### Work to be completed
Retype all of the data word for word, without pictures.

### Stored data
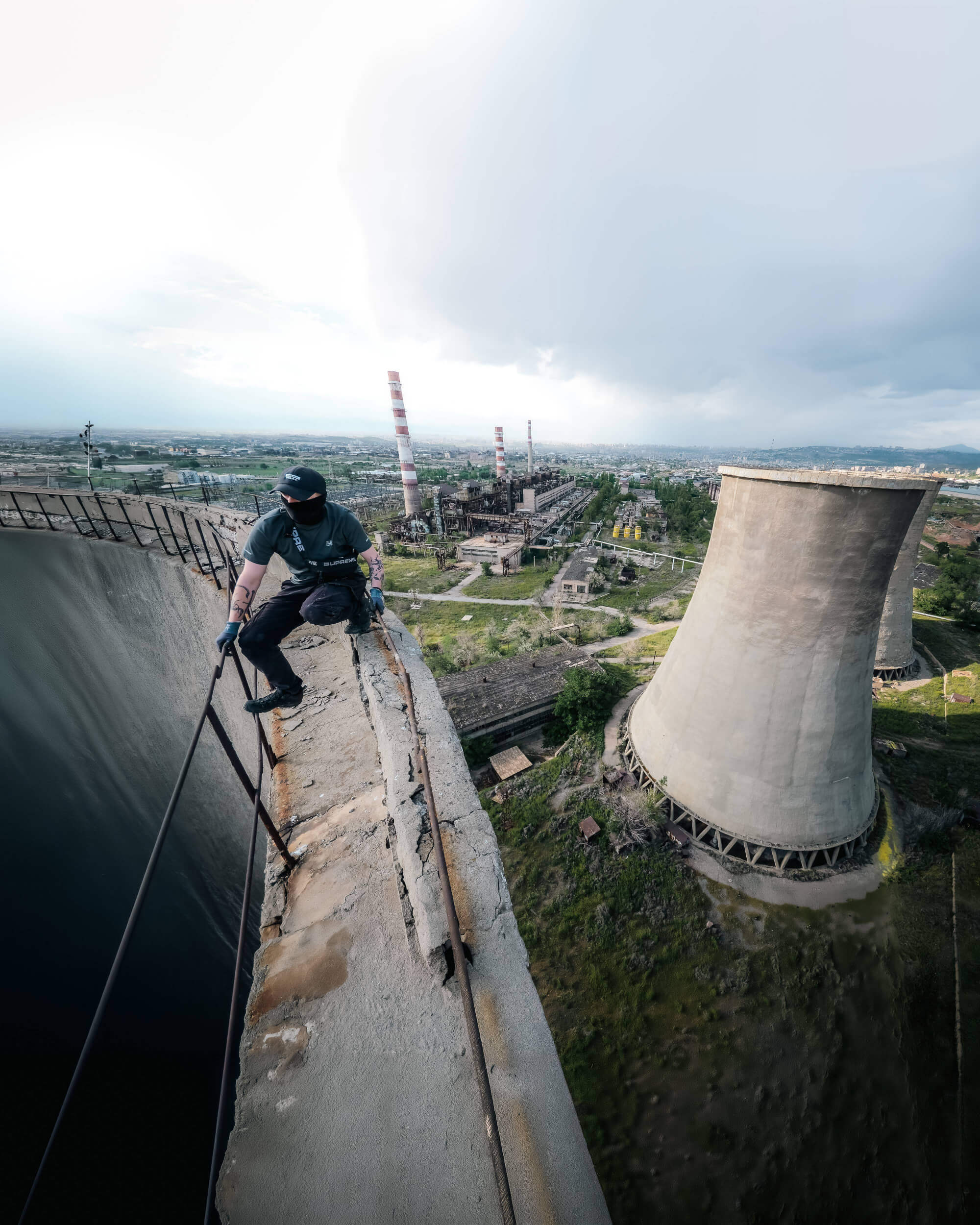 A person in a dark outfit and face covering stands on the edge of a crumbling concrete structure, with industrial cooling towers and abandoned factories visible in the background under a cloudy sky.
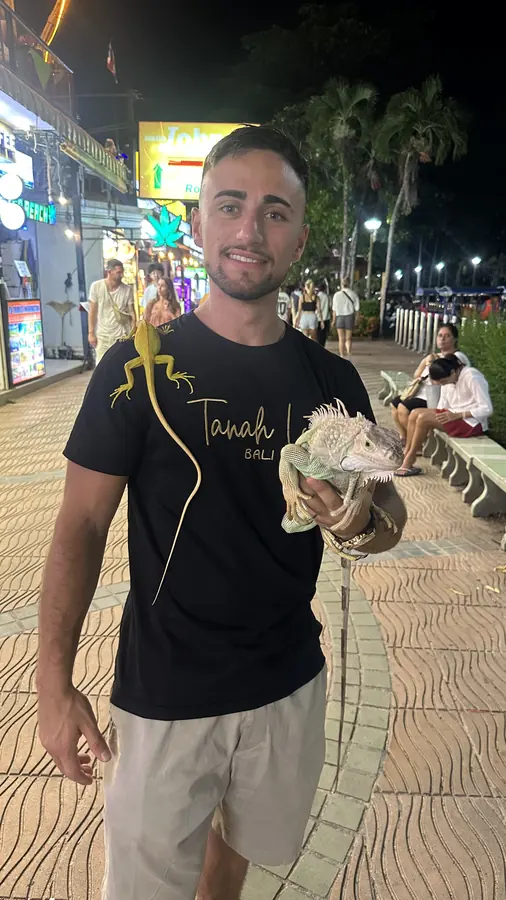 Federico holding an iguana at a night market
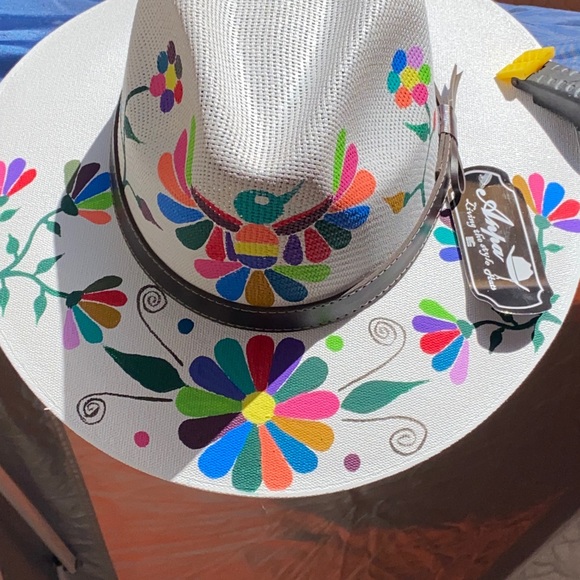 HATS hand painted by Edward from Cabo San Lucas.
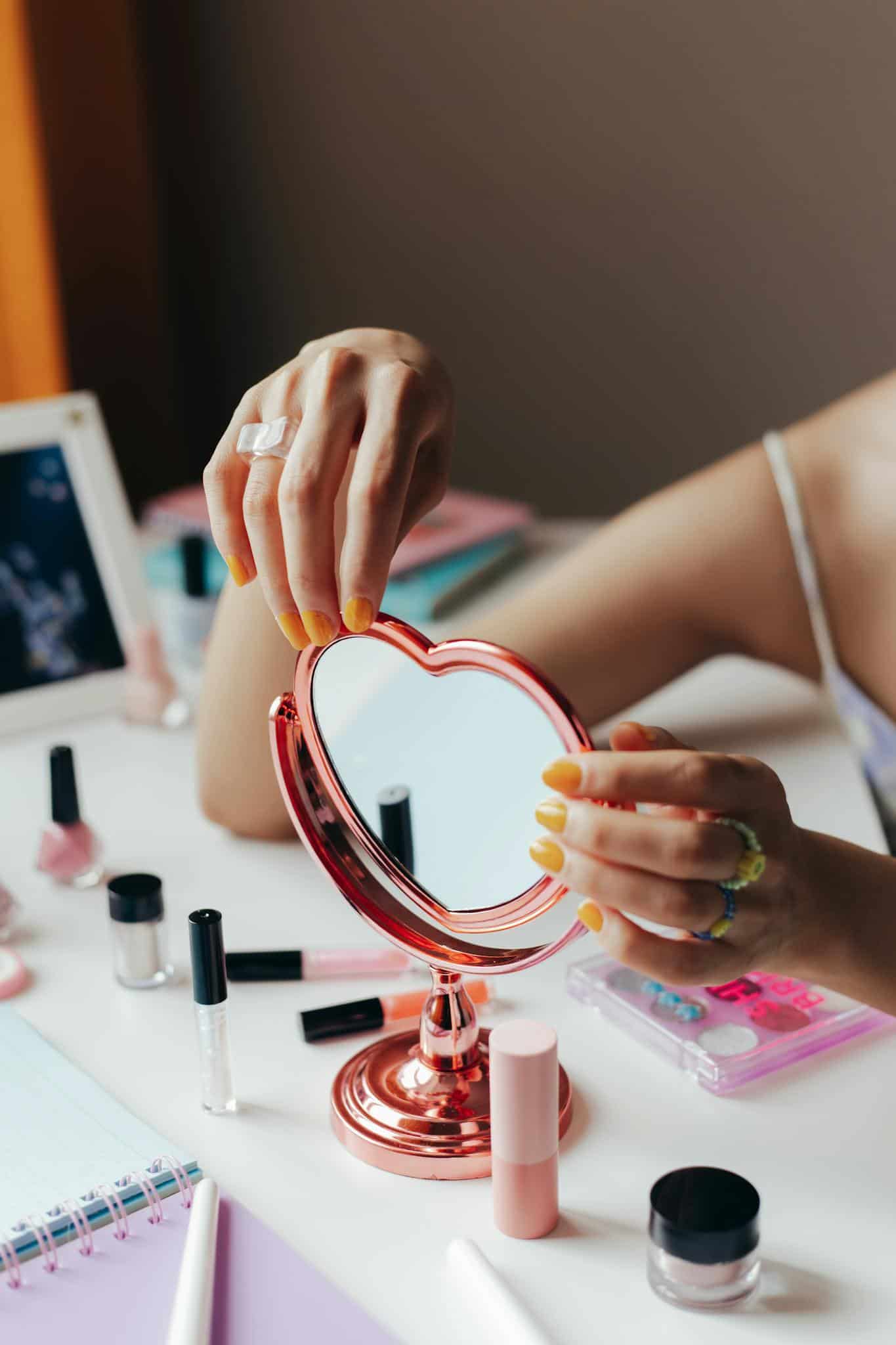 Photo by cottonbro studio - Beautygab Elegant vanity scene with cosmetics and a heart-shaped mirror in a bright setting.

### Task answer
 A person in a dark outfit and face covering stands on the edge of a crumbling concrete structure, with industrial cooling towers and abandoned factories visible in the background under a cloudy sky.
 Federico holding an iguana at a night market
 HATS hand painted by Edward from Cabo San Lucas.
 Photo by cottonbro studio - Beautygab Elegant vanity scene with cosmetics and a heart-shaped mirror in a bright setting.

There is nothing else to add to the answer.